The authors described the advancement of automation:

Major companies have introduced automation in the form of communication between traditionally standalone devices such as blood gas analyzers and nutrient monitors. These are tied into automated sampling solutions, allowing such devices to run all day, every day without significant human intervention. The next step is tying that into bioreactors and chromatography skids to create an automated loop whereby a process is monitored continuously by a controller, which communicates its findings to technicians who can then make decisions and act upon them.

One of the experts cited in the article was industry consultant, Larry West of Aspen Brook Consulting. He has prior experience with the DeltaV system and its application in the Broadley-James Bionet bioreactor control system and the Finesse TruLogic solution.

In the article, Larry describes a biotech facility where they used a classic automation solution (the DeltaV system in this case) and apply it to biotherapeutics and running the fill-finish operations on the DeltaV system.

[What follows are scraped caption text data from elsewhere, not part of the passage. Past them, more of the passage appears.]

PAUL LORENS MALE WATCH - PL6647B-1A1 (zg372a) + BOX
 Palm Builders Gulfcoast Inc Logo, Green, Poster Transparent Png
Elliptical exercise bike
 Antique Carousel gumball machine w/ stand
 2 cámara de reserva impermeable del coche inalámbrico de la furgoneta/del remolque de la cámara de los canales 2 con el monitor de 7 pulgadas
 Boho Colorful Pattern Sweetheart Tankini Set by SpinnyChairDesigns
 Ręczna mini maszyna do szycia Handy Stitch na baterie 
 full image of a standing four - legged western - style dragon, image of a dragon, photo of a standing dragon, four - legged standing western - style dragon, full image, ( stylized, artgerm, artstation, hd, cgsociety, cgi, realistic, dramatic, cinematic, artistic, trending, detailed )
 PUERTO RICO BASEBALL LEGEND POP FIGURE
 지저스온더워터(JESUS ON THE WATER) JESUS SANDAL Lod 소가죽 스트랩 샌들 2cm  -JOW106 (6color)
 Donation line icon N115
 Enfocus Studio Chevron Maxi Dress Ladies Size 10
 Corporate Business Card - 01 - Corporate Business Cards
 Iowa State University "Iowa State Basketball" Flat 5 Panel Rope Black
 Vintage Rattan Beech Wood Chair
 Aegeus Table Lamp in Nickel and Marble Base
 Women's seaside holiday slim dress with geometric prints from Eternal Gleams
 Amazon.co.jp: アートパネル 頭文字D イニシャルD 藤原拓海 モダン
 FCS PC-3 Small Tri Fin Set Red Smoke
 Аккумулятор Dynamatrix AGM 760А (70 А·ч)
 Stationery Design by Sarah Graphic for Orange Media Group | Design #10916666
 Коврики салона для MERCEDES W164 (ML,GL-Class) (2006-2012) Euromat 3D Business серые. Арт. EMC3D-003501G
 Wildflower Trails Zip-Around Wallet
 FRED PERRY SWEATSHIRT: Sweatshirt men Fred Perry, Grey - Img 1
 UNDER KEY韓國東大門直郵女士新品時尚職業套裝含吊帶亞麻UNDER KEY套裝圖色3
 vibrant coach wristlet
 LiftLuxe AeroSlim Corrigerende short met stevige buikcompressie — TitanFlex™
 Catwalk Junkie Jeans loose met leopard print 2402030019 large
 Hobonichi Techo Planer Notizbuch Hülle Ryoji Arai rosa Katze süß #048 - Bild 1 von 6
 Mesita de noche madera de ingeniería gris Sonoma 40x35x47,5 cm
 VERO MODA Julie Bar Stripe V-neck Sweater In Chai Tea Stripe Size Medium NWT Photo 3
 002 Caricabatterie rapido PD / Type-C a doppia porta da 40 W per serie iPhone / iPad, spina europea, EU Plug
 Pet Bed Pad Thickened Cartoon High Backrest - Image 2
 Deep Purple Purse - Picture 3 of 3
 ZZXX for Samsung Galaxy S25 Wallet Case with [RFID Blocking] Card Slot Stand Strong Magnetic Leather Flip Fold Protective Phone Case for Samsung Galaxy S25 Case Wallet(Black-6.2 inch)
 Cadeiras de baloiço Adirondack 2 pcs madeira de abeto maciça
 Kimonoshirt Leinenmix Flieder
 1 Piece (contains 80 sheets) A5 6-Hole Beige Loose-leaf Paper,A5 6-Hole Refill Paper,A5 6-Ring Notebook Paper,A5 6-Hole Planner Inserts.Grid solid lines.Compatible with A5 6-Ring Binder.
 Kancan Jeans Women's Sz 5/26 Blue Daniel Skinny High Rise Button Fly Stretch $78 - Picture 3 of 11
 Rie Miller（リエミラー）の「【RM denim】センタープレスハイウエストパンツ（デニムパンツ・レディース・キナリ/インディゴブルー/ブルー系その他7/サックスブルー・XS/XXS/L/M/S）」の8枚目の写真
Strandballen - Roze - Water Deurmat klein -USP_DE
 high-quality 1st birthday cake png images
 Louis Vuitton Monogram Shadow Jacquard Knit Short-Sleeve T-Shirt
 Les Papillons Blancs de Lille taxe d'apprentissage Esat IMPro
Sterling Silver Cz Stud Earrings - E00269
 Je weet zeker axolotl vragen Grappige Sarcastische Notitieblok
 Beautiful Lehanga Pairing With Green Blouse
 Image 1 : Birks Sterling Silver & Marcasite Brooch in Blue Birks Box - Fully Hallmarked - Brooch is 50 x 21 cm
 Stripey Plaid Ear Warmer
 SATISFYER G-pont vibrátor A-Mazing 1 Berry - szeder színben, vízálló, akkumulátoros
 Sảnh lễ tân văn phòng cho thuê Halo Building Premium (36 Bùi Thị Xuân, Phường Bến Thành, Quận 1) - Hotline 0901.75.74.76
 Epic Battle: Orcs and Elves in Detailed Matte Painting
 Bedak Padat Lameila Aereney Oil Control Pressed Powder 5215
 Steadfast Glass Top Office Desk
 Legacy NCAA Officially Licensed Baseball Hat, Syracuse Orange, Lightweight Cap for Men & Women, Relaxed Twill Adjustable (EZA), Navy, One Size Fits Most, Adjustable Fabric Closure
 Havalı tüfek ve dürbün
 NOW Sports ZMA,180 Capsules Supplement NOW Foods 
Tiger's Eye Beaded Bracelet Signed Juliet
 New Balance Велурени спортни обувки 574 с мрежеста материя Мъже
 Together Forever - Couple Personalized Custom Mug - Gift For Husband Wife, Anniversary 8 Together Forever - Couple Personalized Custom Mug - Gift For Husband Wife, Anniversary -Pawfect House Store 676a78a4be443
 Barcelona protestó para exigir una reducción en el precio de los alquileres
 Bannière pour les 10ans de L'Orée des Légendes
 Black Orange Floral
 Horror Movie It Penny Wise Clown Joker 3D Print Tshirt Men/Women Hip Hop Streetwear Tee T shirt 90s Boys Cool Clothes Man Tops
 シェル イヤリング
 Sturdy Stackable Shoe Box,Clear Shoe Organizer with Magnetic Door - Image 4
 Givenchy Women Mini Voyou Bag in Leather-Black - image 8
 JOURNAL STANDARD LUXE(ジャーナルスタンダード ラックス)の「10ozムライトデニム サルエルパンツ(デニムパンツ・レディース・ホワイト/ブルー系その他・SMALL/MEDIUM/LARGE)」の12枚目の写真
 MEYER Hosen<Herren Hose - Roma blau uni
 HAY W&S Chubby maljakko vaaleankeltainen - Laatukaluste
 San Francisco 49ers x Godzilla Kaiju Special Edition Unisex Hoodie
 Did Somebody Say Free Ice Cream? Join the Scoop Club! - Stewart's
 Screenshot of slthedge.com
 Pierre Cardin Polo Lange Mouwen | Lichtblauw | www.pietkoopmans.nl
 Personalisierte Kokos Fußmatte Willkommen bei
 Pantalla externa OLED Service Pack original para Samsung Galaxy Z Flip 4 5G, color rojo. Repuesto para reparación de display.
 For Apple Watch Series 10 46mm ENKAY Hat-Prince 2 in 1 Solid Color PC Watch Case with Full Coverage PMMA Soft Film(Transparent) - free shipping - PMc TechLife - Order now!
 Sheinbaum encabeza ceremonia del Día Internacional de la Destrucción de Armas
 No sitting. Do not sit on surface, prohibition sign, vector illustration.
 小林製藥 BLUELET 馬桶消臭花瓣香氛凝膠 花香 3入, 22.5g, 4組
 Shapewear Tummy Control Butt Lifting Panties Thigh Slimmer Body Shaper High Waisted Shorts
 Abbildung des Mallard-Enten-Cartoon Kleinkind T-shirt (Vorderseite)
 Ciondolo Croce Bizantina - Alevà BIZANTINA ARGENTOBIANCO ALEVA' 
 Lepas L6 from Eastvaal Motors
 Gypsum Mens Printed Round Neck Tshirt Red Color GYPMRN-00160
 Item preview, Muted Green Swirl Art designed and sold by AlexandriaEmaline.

He noted how GE Healthcare and the DeltaV team worked together:

...to create a chromatography skid that allows discrete (on/off) functions to be handled by the GE Unicorn platform while analog functionality is managed by Emerson's DeltaV system.

He went on to note other automation advancements:

...we saw a SciLog TFF skid controlled by the Emerson DeltaV platform, which manages associated discrete I/O. Such application progressions ensure the continued evolution of automation throughout a product's life-cycle, beginning in research and ending in fill-finish.

The article sums up Larry's thoughts on bioprocessing automation:

...automation is a valuable tool that "can be used to benefit all of us as an industry. It doesn't have to be perceived as a weapon with which to reduce headcount or eliminate people's roles. It really is a tool. And as long as we keep that in perspective and wield it accordingly, this industry will make some serious advances."

I highlighted some of the Emerson-specific solutions mentioned, but you can give the article a read to see other suppliers' solution and consultants' thoughts about automation advancements in this important industry.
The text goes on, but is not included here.